# Smoking game birds



## ffernandes (Jun 13, 2013)

We have pheasant breasts, chukker breasts and quail.  I would like to smoke them all on my BGE.
How should I brine them and how long should they smoke at 240 or so?  Thanks.  Frank


----------



## oldschoolbbq (Jun 13, 2013)

Frank , here's a good brine for the Birds :http://www.smokingmeatforums.com/a/tips-slaughterhouse-recipes-for-poultry

Remember Game Fowl is leaner than domesticated Poultry and I usually wrap them in Bacon... let the Bacon get to rendering and go to your 165*F IMT.  Enjoy Quail and Chucker ,but Pheasant I'd rather just look at (pretty bird).


----------



## kathrynn (Jun 14, 2013)

Welcome to SMF.  Noticed this is your first post with us.  Would you mind going over to Roll Call and introducing yourself?
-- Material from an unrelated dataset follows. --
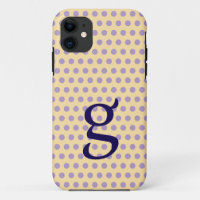 Coque iphone de monogramme à points de polka viole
http://www.smokingmeatforums.com/f/133/roll-call

Thanks!

Kat


----------



## foamheart (Jun 14, 2013)

I have never tryed a brine. I have done the bacon wrap and it turned out OK, but I was using a pit vice a smoker. Actually put some jalapeno between the bacon and the breast too.

I did ruin a friends entire ice chest of cleaned pheasants from a "Braska" pheasant hunt one year. He loved my smoked chicken so "we:" assumed pheasant was the same. NOT! Can you say pheasant jerky? This friend was also a good customer, talk about your hot water.

If you want smoked, I suggest you cold smoke and then grill the birds.


----------